### Exercise
One part of the entries below is wanted: the lines from the one containing "Rhodium Cubic Zirconia" through the one containing "Cvrtnik na zrak". Write those out exactly and nothing else.

### The input

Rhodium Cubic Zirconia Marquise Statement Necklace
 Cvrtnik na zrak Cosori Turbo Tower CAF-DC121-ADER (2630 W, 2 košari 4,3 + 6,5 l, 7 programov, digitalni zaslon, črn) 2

--

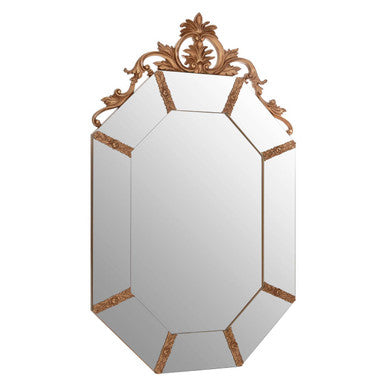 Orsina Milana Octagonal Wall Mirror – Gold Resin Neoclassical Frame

* * *

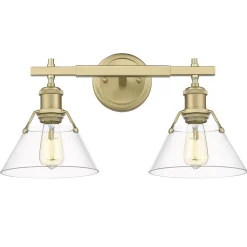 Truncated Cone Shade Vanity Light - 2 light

### Task answer
Rhodium Cubic Zirconia Marquise Statement Necklace
 Cvrtnik na zrak Cosori Turbo Tower CAF-DC121-ADER (2630 W, 2 košari 4,3 + 6,5 l, 7 programov, digitalni zaslon, črn) 2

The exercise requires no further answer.